Video Link ----> Aces twice, 6/2 five times
What you are Seeing:
1. a very nice dice laboratory with an excellent security camera system.
2. Biased dice being used in this video. Notice the faces occurring during these 2 streaks are all on one plane -- the 1, 2 and 6s. This is what happens with biased dice more often than not (see more discussion at Link --> Biased Dice ... ) The 3s and 4s end up as the axles and disappear all too often when the 5 and 6 are heavier due to the heavier resin used in the white pips (dots).

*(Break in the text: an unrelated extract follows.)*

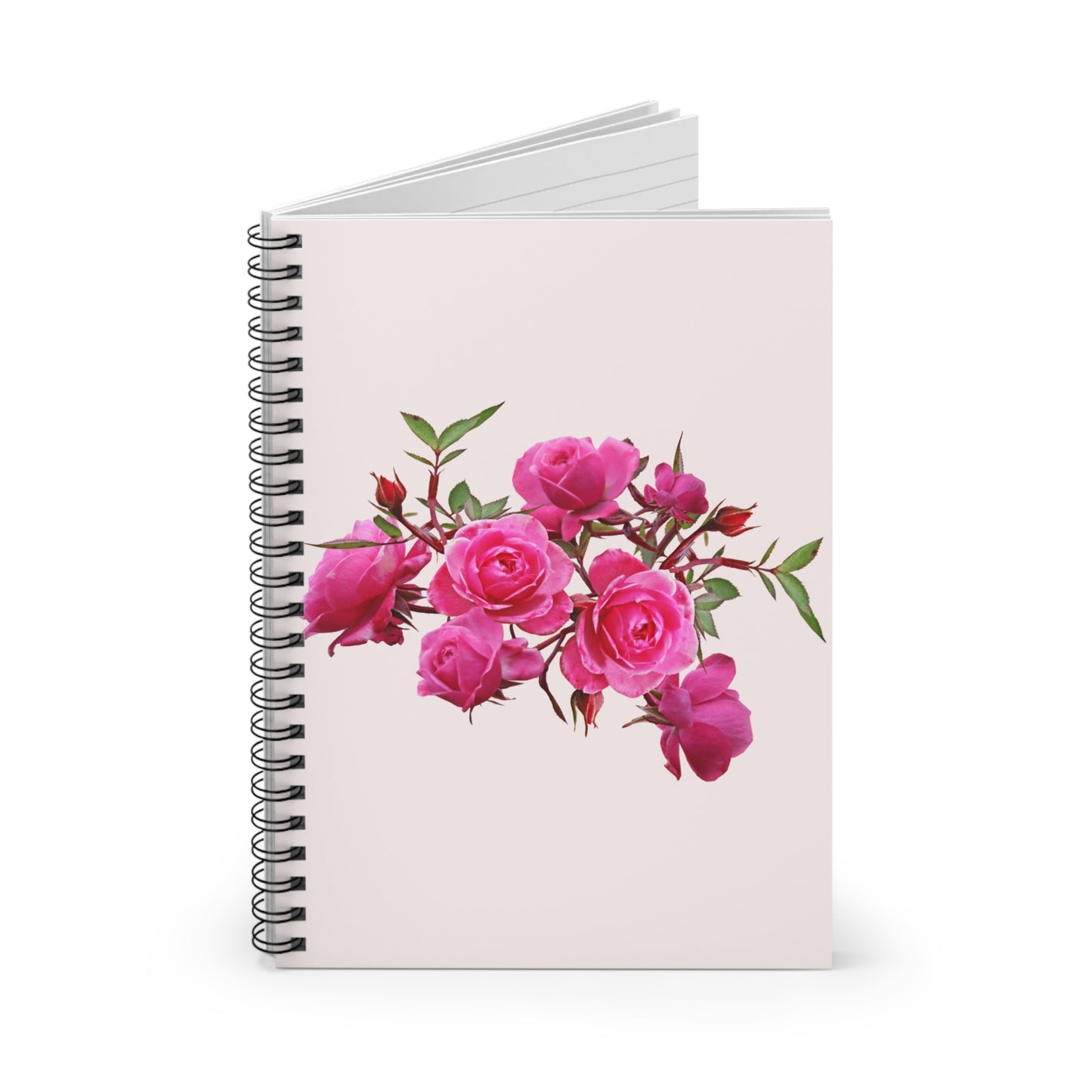 Floral Spiral Notebook - Ruled Line, Pink Roses Journal, Gift for Writers, Floral Stationery, Cute Notepad for Students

3. Furthermore, the stated odds by the author on YouTube are for balanced dice, and therefore not correct for this set of dice:
This is a short spurt where I got aces twice in a row followed by 6-2 five times in a row. ... Rolling the same non-pair 4 times in a row after the initial roll is a 1 in 104,976 occurrence .. any initial non pair is a 5/6 chance making the total 1 in 125,971.4. Less than 2 minutes from hundreds of hours of video - sure if you toss the dice hundreds of hours at home on your practice table, almost anything can and will occur .... we are only seeing a snippet here as the author notes on DiceInstitute.com:
"The security camera system runs for every single toss on the table."What you are NOT Seeing:
1. No proof that he is using fair balanced dice
2. No proof how old the dice are - most dice are only used for approximately 500 tosses or 8 hours (except Caesars LV) for a reason - they tend to become biased after then on their own .... so is it any doubt that a string of numbers is easier to obtain after many hours of use.